L’instauration du dialogue direct entre FPI et le Gouvernement a été un long parcours, et j’ai été de ceux qui ont appuyé cette proposition du FPI, croyant en la sincérité des refondateurs. Mais hélas, le chien ne change jamais sa manière de s’asseoir, ce parti à procéder ainsi depuis sa création.

Pour finir, je rappellerai à nos frères du FPI, que la charité bien ordonnée doit commencer par soi-même. Il doit en être ainsi pour les Etats généraux. Avant de penser aux Etats généraux de la République, il urge d’organiser les Etats généraux de la refondation.

– Les refondateurs nous avaient promis d’organiser une vie de dignité chez nous. À travers l’organisation de notre propre activité de production pour bâtir une nation en notre faveur. Nous y avons crus et ils ne furent même pas capables de retirer les ordures ménagères de nos rues. Le district d’Abidjan et les mairies se disputaient comme des chiffonniers sur les compétences et le financement de la collecte des ordures qui pourrissaient sous nos yeux pendant des mois et des années.

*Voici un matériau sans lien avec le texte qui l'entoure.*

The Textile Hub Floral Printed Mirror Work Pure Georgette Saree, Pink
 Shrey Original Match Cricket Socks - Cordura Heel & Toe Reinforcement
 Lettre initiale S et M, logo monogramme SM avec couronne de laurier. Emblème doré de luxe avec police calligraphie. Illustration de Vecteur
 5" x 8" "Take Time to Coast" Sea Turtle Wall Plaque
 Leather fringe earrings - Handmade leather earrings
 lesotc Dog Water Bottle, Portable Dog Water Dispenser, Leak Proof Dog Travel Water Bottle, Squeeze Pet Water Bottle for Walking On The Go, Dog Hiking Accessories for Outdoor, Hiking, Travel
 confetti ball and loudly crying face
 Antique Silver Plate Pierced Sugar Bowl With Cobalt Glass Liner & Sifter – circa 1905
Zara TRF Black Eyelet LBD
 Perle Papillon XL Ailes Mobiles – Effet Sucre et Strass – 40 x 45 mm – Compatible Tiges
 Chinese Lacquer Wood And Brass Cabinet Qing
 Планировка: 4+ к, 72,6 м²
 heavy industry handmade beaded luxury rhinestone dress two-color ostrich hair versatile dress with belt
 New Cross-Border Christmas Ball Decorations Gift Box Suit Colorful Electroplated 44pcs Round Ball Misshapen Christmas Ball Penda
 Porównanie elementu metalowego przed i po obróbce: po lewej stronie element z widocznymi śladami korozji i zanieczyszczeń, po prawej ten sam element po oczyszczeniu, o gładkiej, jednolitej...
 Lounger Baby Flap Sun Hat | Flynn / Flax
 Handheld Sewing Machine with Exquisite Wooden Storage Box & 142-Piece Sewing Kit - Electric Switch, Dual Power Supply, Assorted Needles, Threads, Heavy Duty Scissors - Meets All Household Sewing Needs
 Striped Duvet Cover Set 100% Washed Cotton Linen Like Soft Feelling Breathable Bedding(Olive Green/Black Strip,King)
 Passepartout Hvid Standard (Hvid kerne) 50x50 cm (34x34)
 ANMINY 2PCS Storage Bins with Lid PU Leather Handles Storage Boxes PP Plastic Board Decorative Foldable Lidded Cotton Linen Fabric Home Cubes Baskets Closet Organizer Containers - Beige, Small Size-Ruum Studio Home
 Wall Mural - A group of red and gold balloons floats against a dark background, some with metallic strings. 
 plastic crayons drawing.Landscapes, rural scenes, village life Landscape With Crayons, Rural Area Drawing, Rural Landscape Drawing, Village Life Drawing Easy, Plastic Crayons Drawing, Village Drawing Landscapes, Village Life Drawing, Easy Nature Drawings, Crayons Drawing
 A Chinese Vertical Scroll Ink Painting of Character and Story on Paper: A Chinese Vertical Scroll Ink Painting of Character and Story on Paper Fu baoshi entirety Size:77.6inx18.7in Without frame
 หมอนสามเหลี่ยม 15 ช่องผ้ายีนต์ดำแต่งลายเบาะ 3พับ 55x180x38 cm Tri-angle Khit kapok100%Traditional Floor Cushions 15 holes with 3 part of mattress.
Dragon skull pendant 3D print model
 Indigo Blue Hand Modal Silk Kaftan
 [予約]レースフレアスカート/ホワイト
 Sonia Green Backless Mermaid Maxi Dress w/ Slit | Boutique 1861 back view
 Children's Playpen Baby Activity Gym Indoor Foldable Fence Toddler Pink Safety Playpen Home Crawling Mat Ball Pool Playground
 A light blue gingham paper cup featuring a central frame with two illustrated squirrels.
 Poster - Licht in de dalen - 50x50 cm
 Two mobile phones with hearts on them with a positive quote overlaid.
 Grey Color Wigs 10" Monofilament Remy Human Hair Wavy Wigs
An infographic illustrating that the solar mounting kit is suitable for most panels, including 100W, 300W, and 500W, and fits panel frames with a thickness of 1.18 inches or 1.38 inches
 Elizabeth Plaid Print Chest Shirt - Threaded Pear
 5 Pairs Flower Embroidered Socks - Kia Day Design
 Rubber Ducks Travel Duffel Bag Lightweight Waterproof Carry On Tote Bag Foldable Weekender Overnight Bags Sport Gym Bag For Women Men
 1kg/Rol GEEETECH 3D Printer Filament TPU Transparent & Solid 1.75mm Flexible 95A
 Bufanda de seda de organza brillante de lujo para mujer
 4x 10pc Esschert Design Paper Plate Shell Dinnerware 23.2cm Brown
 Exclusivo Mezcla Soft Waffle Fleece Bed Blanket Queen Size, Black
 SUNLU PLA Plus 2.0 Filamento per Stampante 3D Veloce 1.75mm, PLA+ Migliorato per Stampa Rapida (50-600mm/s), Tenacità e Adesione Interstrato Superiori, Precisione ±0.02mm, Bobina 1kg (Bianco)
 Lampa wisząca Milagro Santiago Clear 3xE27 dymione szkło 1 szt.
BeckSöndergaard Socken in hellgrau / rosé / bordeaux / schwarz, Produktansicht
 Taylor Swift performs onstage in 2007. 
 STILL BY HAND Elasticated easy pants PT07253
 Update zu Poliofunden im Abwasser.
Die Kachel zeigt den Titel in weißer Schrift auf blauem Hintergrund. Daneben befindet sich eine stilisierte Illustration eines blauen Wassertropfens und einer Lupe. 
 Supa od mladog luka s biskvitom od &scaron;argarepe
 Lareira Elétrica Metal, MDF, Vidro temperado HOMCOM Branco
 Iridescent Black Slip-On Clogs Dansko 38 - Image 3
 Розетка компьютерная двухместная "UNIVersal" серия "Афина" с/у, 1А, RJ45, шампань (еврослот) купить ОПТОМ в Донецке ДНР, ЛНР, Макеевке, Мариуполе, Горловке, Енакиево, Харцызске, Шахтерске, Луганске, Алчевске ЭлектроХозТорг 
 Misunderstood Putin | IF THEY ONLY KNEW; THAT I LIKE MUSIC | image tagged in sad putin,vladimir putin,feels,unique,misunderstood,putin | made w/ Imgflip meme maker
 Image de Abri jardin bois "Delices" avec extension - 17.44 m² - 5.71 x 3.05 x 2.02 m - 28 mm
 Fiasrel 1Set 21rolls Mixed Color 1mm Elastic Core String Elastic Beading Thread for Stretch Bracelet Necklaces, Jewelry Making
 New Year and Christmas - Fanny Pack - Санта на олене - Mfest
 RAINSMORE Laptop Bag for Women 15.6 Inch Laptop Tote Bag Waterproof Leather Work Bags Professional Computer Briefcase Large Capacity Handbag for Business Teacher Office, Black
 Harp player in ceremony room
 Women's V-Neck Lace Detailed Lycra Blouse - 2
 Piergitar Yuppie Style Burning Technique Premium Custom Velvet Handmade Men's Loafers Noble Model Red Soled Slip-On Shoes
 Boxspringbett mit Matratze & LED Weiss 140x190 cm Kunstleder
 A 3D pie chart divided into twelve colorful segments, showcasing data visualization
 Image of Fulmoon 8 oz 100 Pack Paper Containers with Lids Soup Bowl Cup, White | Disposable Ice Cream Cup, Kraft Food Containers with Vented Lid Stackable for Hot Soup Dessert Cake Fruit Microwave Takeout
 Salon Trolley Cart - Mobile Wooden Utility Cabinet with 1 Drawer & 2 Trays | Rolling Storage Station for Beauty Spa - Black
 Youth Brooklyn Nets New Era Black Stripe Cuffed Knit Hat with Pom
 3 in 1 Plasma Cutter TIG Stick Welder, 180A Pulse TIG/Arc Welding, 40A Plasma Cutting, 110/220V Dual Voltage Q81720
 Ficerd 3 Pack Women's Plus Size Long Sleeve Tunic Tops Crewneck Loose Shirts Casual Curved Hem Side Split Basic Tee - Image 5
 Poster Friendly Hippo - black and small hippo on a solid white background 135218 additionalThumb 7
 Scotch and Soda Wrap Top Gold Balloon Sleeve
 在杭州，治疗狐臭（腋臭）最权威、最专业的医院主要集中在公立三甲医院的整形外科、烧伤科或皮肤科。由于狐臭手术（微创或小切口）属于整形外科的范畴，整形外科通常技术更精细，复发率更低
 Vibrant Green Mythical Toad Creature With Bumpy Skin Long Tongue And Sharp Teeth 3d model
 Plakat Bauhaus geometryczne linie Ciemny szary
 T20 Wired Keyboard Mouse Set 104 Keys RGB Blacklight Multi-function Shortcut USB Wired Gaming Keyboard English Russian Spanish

– La refondation nous avait promis de faire en sorte que la richesse nationale, déjà insuffisante, produite par la majorité de la population, ne soit plus accaparée par une minorité, dont le niveau de vie insulte la pauvreté croissante du malheureux peuple ivoirien.

– Elle nous avait promis la fin du racket, du tripatouillage, de la magouille politico affairiste, les surfacturations, les attributions de contrats d’Etat sans appels d’offres. Et pourtant le contrat avec l’opérateur SAGEM, avait été attribué sans appel d’offre. Les refondateurs se sont coupés du peuple qui les a élu pour habiter le cite paradisiaque de l’île Boulay, ils ont fait étalage de résidences et de voitures luxueuses en peu de temps dans un pays où la majorité des citoyens ont de la peine à manger, n’était-ce pas une indécence qui frôle l’inconscience et trahit en même temps les idéaux de la refondation Gbagboïste qui nous promettait le paradis sur terre ?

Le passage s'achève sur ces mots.